### SOURCE DATA
----------
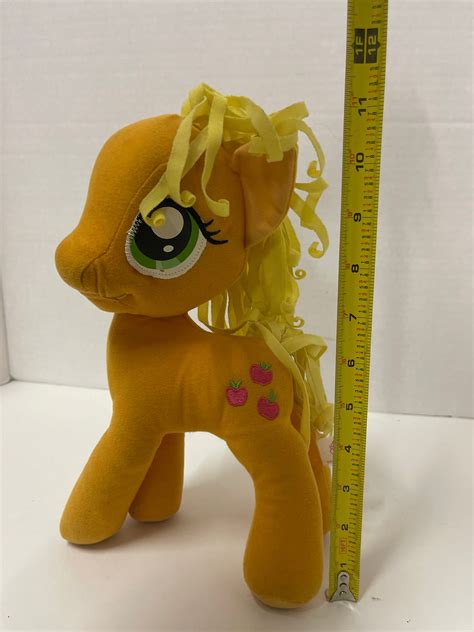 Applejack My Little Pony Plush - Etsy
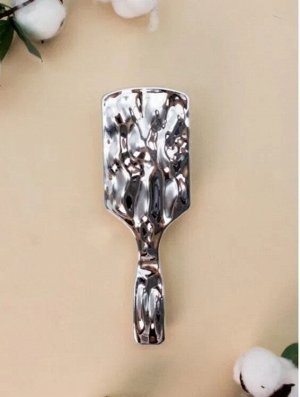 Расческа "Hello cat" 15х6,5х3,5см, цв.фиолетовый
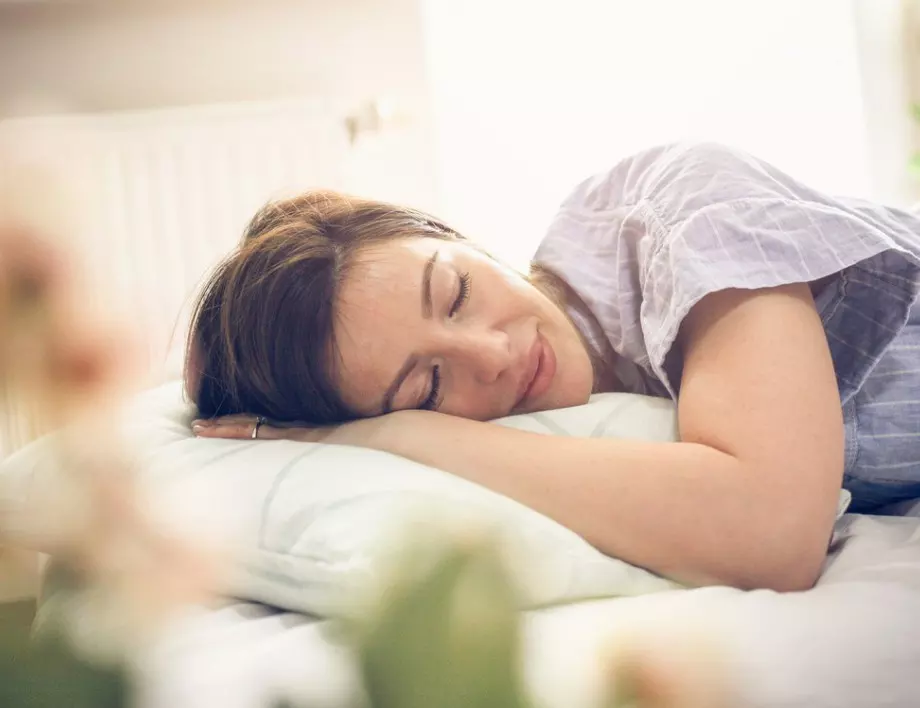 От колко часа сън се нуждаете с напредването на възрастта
----------
### TASK STATEMENT
The reply should contain every line of the material exactly, and no images.

### SOLUTION FOR THIS EXERCISE
 Applejack My Little Pony Plush - Etsy
 Расческа "Hello cat" 15х6,5х3,5см, цв.фиолетовый
 От колко часа сън се нуждаете с напредването на възрастта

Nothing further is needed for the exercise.